Read fairly, and in its full context, what his Honour was at pains to do was make it clear that this was not a case in which any issue arose going to the state of health of the appellant’s mind, as would arise in a case where issues as to mental illness or diminished responsibility arose.
I am satisfied that the jury would have understood the remarks of his Honour to have been directed to that matter, and in that respect to have neutralised the somewhat ill‑advised and circular observation of the Crown Prosecutor. Once these directions were given, there is no reason for supposing that the jury were left with the apprehension that there might have been some uncalled evidence available to this effect, or that they might properly speculate that the accused had been suffering from a disturbed state of mind.
I am also satisfied that the directions did not have the effect of watering down the character evidence which remained available and capable of showing that it would have been out of character for this appellant to have committed crimes of the savagery here involved. Nor did it water down the proposition that the Crown had not proved, and could not prove, a motive on the part of the appellant – a matter it conceded throughout.
The Crown says that that conclusion was open to the Court of Criminal Appeal on any fair reading of the directions which were, in fact, given and of the context of those directions within the trial.
GAUDRON J: You have to put it a bit higher than that, do you not? You have to say that that was the view the jury would have taken or must have taken, and therefore there was no miscarriage of justice.
MR ELLIS: Your Honour, I think what the Court of Criminal Appeal was saying was that ‑ ‑ ‑
GAUDRON J: Or not satisfied that there is any miscarriage of justice, because the jury would have understood or was likely to have understood it like this.

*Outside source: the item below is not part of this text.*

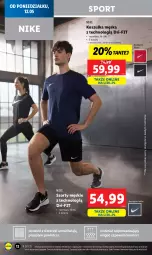 Gazetka promocyjna Lidl - GAZETKA - Gazetka - ważna od 17.05 do 17.05.2025 - strona 12 - produkty: Por, Szorty, Kosz, Koszulka, Sport, Nike, LG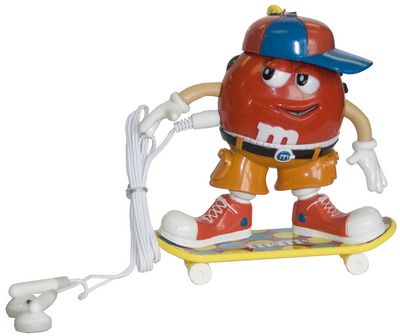 M&M M8MR2RB REFURB RADIO FM RED M&M STYLE CHARACTER SKATEBO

MR ELLIS: Yes. Character evidence is not a defence. For instance, the Crown is entitled to make the observation that people of good character commit crimes. People of good character can commit terrible crimes and people of good character can have temporary aberrations in which such crimes are committed. Theoretically, the character evidence is not just contingent upon a person having no prior convictions, because theoretically all persons at one stage in their life therefore were of good character, but it also relates to reputation and evidence of disposition. In some cases, for instance, in Melbourne’s Case Mr Melbourne was I think around 60 years of age. Whilst I am thinking of that, I did look up the age, your Honour Justice Kirby, of the deceased, Mrs De Gruchy. She was aged 42. Mr Melbourne’s age of 60 perhaps was stronger evidence. Obviously a person who has no convictions by age 60 and of whom people speak well still at that stage probably has stronger evidence of good character than someone who, as is the case here, was but 18 years of age with a life still to lead.
So it was a matter for the jury to assess the character evidence, to assess what weight they would give to the character evidence in terms of both the disposition as well as the credit, but the difficulty that he had was that the cross‑examination of him inevitably, the Crown would say, would have led the jury to reject his evidence which undermines significantly the importance of character evidence in this trial, certainly so far as the credibility side of things.

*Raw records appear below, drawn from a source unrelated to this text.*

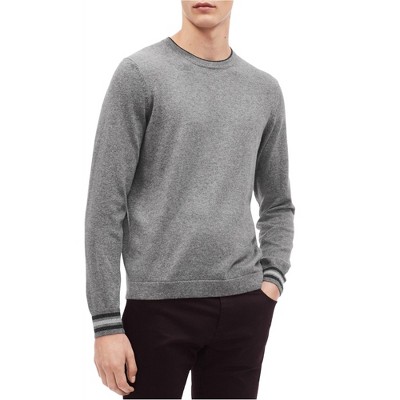 Calvin Klein Mens Tipped Pullover Sweater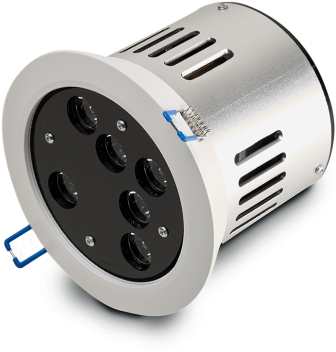 Recessed High Performance Revolving Led System - Gadget (373x373), Png Download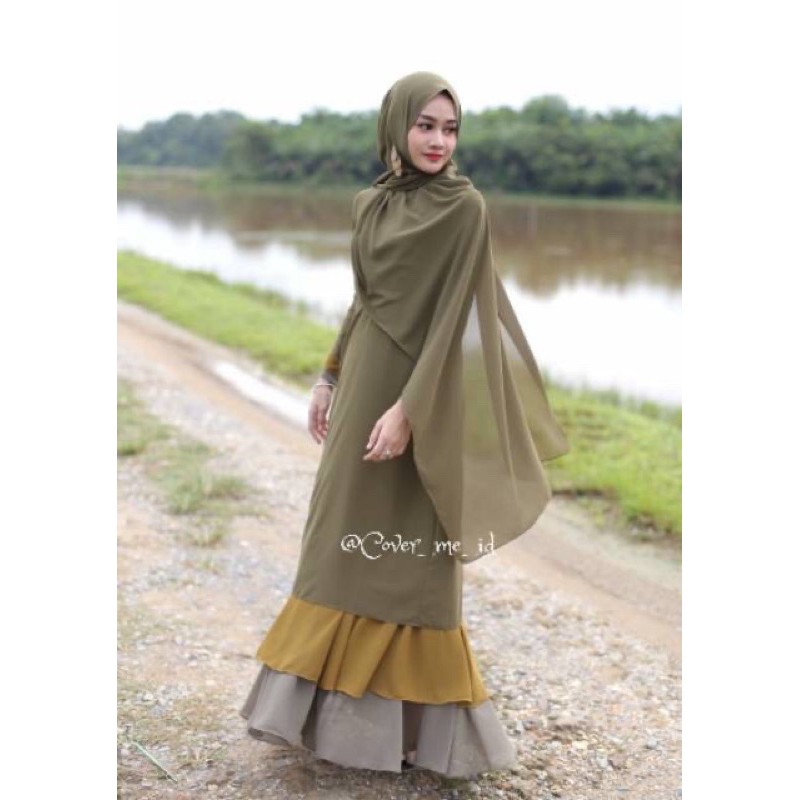 Ready Stok Dress Set Cantik Rania Dress by Cover me id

The other case which was mentioned on motive was O’Donohue but in O’Donohue the jury were told that motive had absolutely no relevance. That is not what happened here. The correct direction is to say that the Crown does not have to prove motive but motive is still a factor which is to be considered and will have differing weight in different cases. There is no suggestion here that the jury were not completely aware of that issue of motive. The Crown says that had there been motive in this case, had the Crown been able to prove motive, it would have been an overwhelming case. As it was, without motive it was weaker but still a very strong Crown case.

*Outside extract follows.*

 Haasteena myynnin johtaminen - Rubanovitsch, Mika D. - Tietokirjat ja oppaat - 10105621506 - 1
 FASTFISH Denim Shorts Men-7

KIRBY J: I notice that the jury were out the whole of the first day and sent a message that they could not reach a unanimous verdict, and then came back the next day and within half an hour had reached a unanimous verdict.
MR ELLIS: That is so, your Honour. It is not unusual in a trial of that length with that many witnesses and that many issues that they would be out for some time and, indeed, not necessarily unusual that there may be some form one view, at least initially, until other aspects of the evidence are highlighted for them. Perhaps what it does show, though, is that if one of the important legs, in terms of the strength of the defence case was motive, then that was effectively before the jury because it did take some time. It was not straight out and straight back with a result.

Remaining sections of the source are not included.